These data categories are relevant across all risk types and against all threat actor types. As an organization grows and more threats emerge,  the ability to monitor and analyze all of these data sources will be critical to ensuring proper security. Even the most mature organizations will be challenged by this process and if attempting to build your own program, a phased-approach will likely be required. 

Don’t forget, in addition to the costs of licensing and procuring data, organizations must pay to store and exploit the data. Costs that must be included in your calculations include  Infrastructure (Data storage, databases, and data pipelines) and Analytical Productivity (Aggregation tools, social network analysis, and mind maps).

Identify OSINT, Dark Web, and Social Media Requirements

Choosing open source/dark web/and social media feeds can be cumbersome as no platform has complete coverage (credit card sales, threat to executives, negative sentiment on brand reputation, discussions of zero day exploits, closed forums in social media, etc).
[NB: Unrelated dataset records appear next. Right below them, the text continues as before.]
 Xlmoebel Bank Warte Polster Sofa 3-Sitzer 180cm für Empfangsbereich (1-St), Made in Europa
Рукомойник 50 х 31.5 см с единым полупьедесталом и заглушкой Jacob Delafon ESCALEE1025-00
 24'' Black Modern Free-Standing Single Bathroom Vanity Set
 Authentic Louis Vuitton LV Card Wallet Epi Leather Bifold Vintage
Many feeds specialize in one or more types of open source research including typo-squatting domains, actors selling access to networks, credential dumps from breaches, and collection of open source repositories like GitHub. But none cover them all.
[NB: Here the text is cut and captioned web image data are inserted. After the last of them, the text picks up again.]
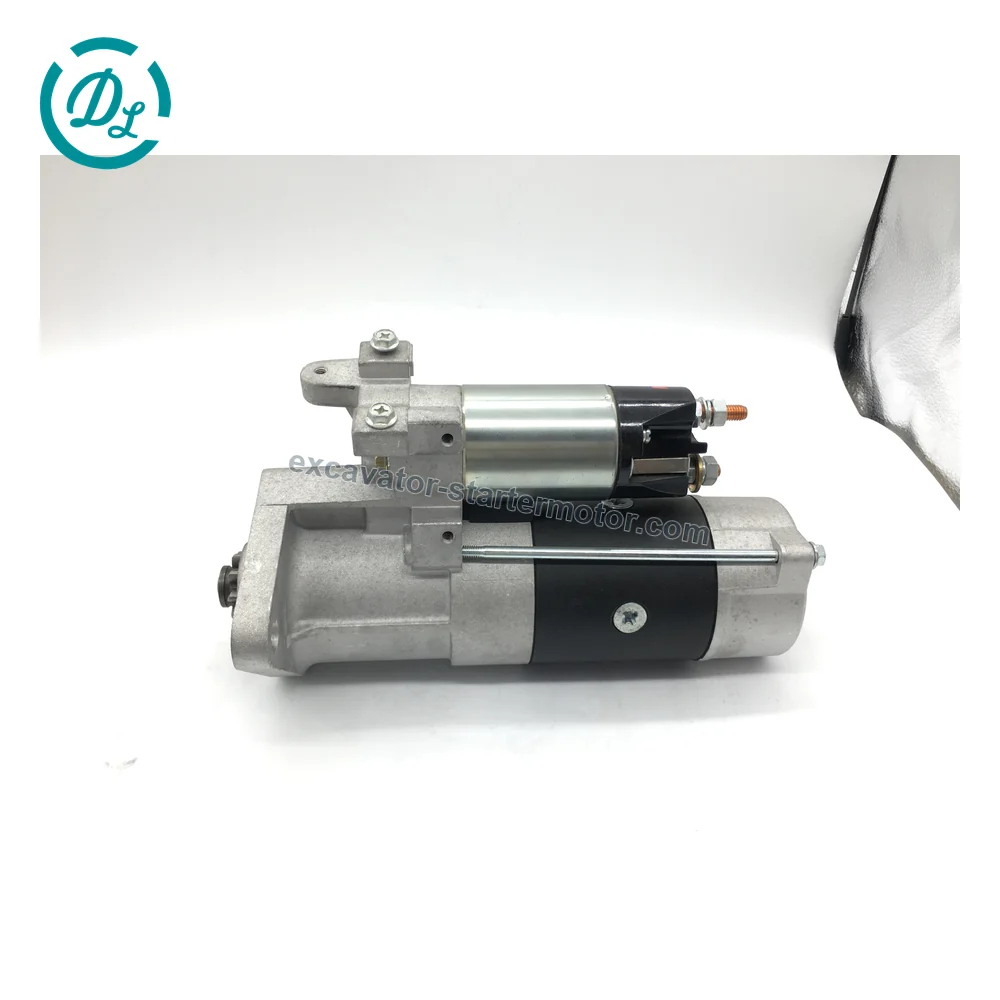 M008T80071 24V 3.2kW 9-Tooth Starter for Mitsubishi 4D33 Fuso Canter, OEM/reference M008T80071, 24V 3.2kW 9-Tooth CW PLGR Starter, product view 3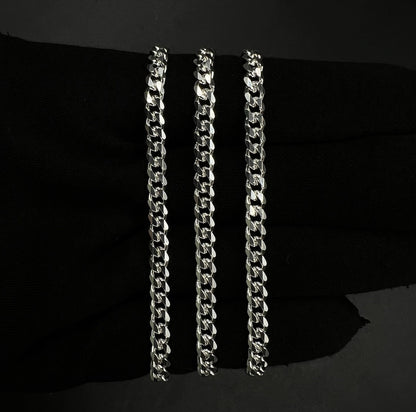 22” 925 Solid Sterling Silver Diamond Cut Miami Cuban Chain 29.51g | 4.8mm Italy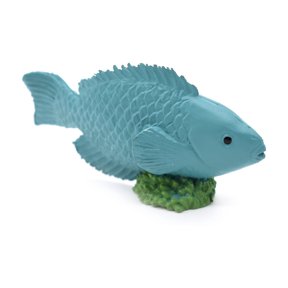 Parrot Fish, Tropical, Rubber Fish Design, Realistic Figure, Educational, Lifelike, Toy Model, Figurine, Replica, Gift, 2 1/4" F1793 B145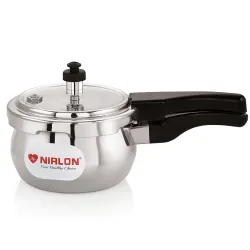 NIRLON Handi Aluminium Outer Lid Induction Base Pressure Cooker 1.5 Litrer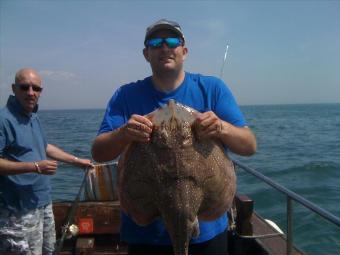 15 lb 4 oz Undulate Ray by Malcolm Collins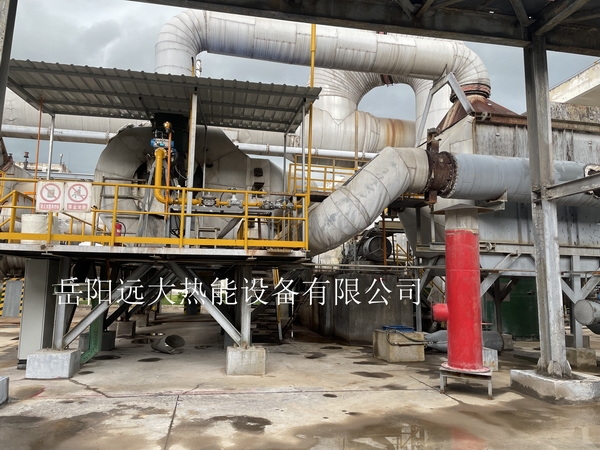 陕西延长石油集团氟硅化工有限公司煤气改为天然气技改项目燃烧系统现场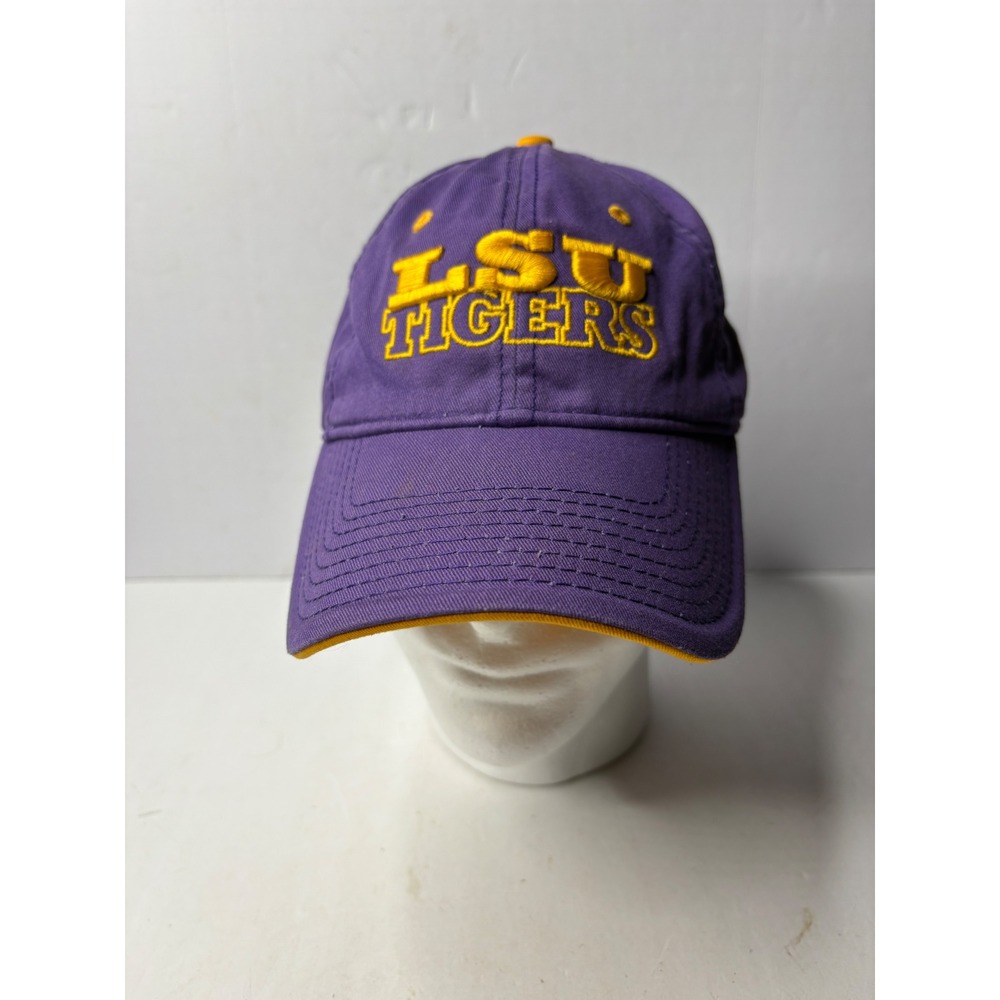 LSU Tigers The Game Purple Adjustable Strapback Baseball Hat Cap Yellow Logo OSF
It is  critical that you evaluate any collection gaps based on your business requirement. You must consider both coverage and the ability to alert on various key words and terms. Businesses must also ensure the ability to report if an account or user generated content (including breach dumps) is removed by a site administrator or the user themselves. Coupled with data engineering for search optimization and differentiated analysis, being able to flag, retrieve, and store these types of alerts is often critical to deriving proper context.
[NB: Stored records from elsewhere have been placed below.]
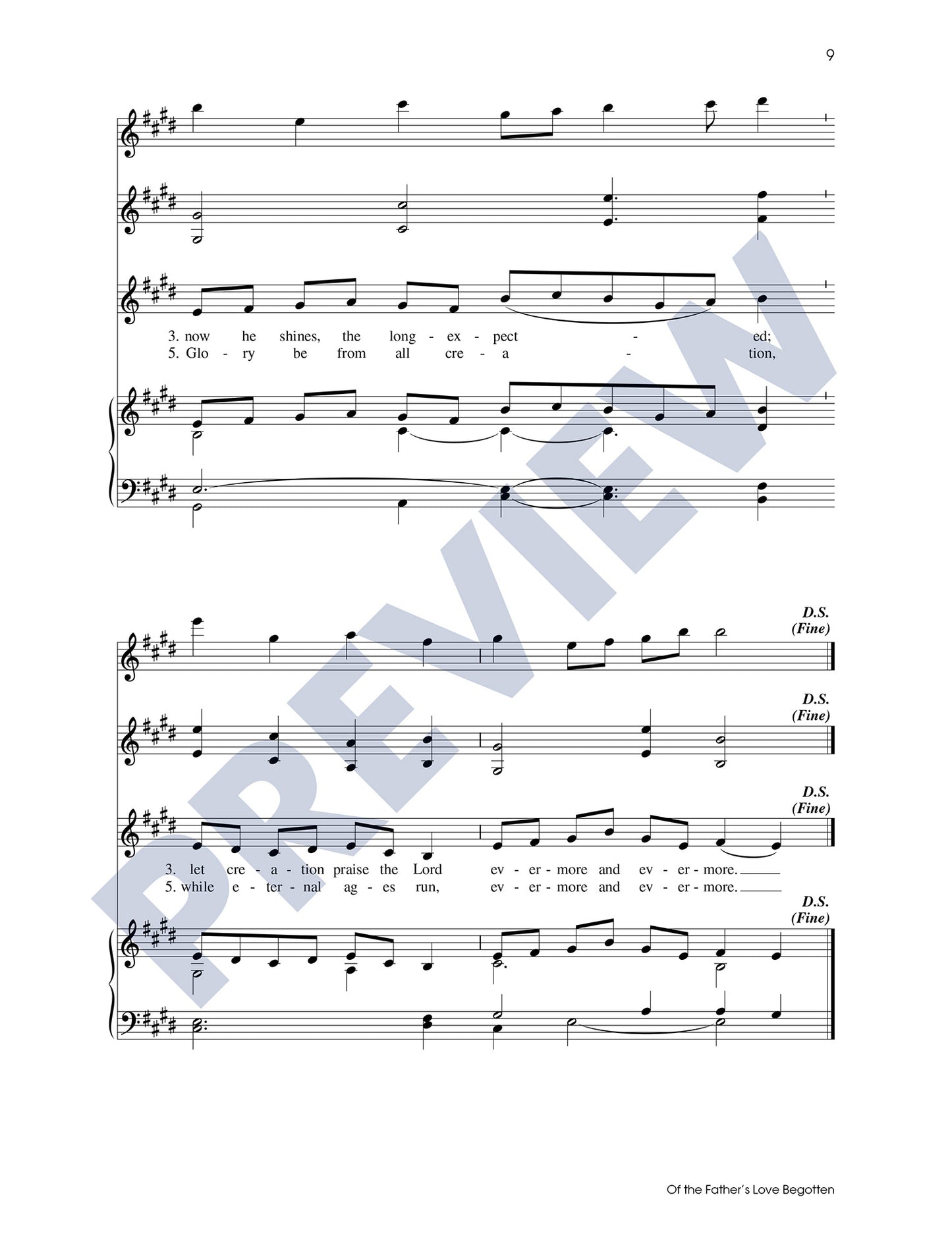 Three Christmas Carols, Set 3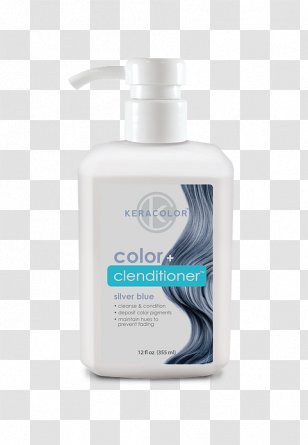 Keracolor Clenditioner Blue Silver Cleanser - Skin Care - Pink Rose Color Transparent PNG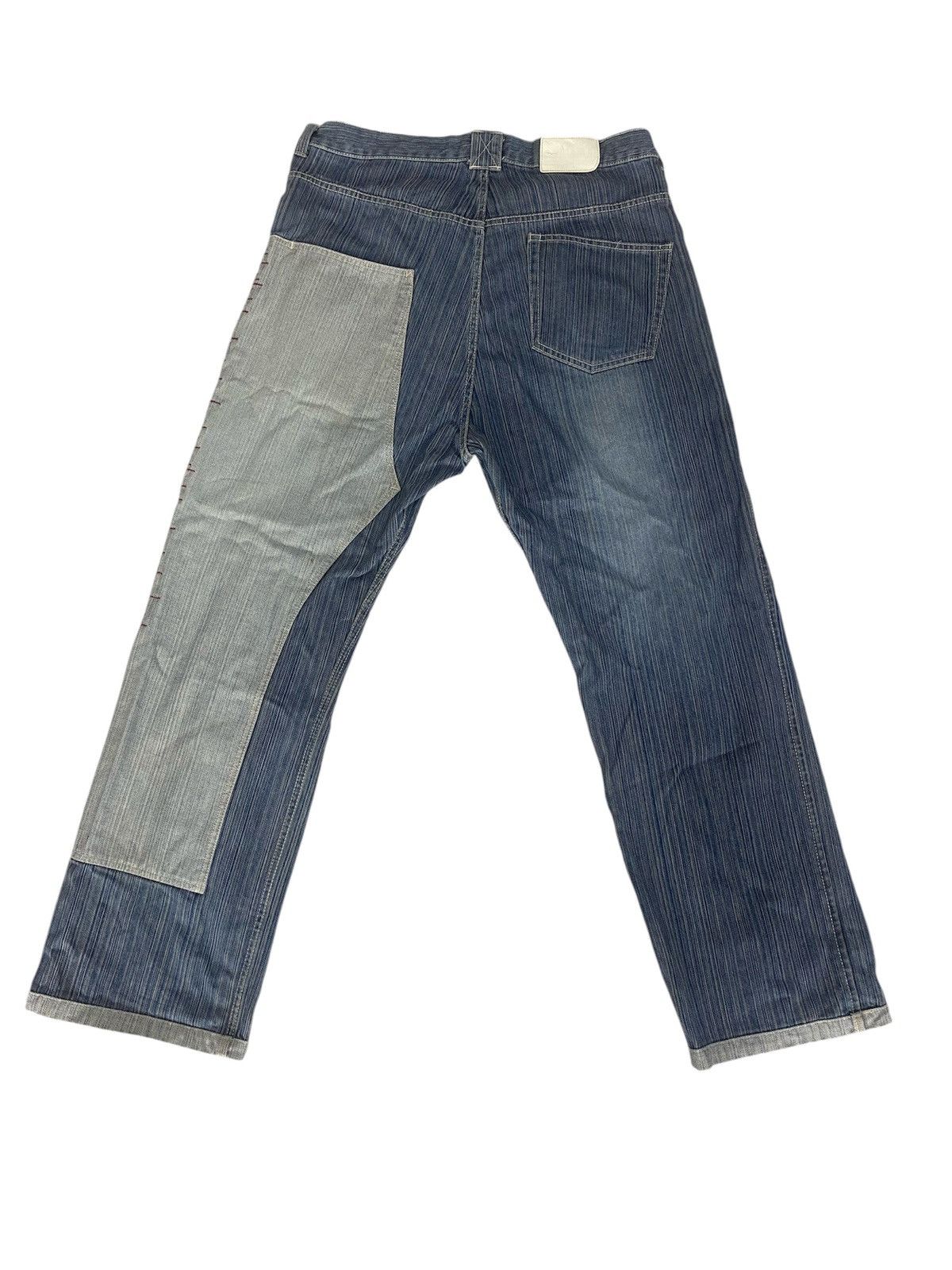 Japanese Brand Baggy Mackdaddy Japan wide leg irregular denim pants Size US 34 / EU 50 - 2 Thumbnail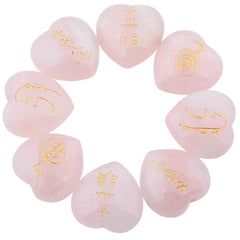 Rockcloud rose quartz heart travel pocket stone suited for on-the-go grounding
Expand to External Attack Surface Monitoring and Management

External Attack Surface Management is more than discovering a list of IPs or websites. It is the understanding of how a business’ internet-exposed assets link to your business. 

As networks grow in complexity, expanding beyond the perimeter into the cloud and into employees homes becomes increasingly difficult for resource-constrained security teams tasked with maintaining awareness of their digital footprint. This creates opportunities for malicious actors to gain access to networks, personnel, corporate intellectual property, with the goal of deploying ransomware, and exfiltrating data. 

As change occurs, organizations must evolve beyond basic vulnerability management and be able to dynamically map an organization’s expanding cloud and network presence. A solution’s ability to analyze external (and internal) traffic flows to identify services or devices accessed (or attempted to access) by malicious actors is helpful in prioritizing remediation. 

When done right, external attack surface monitoring services combine the most critical elements of asset discovery, shadow IT, malicious/anomalous traffic detection (global netflow), and threat actor infrastructure mapping into a single finished contextual analysis, providing stakeholders with a real view of business risk. 

Conclusion

Intelligence analysis can be a time-consuming and costly process. A well-prepared organization may evaluate dozens of data vendors a year depending on business requirements. Open source, dark web, social media and external attack surface monitoring are critical aspects of an intelligence program and are necessary to alert on wide-ranging events including ransomware attacks, threats to executives, breaches and attempted or ongoing fraud. While many programs spend money to procure feeds, unless they also focus on analysis, it is unlikely they will achieve the finished intelligence necessary to properly identify and reduce risk to their business.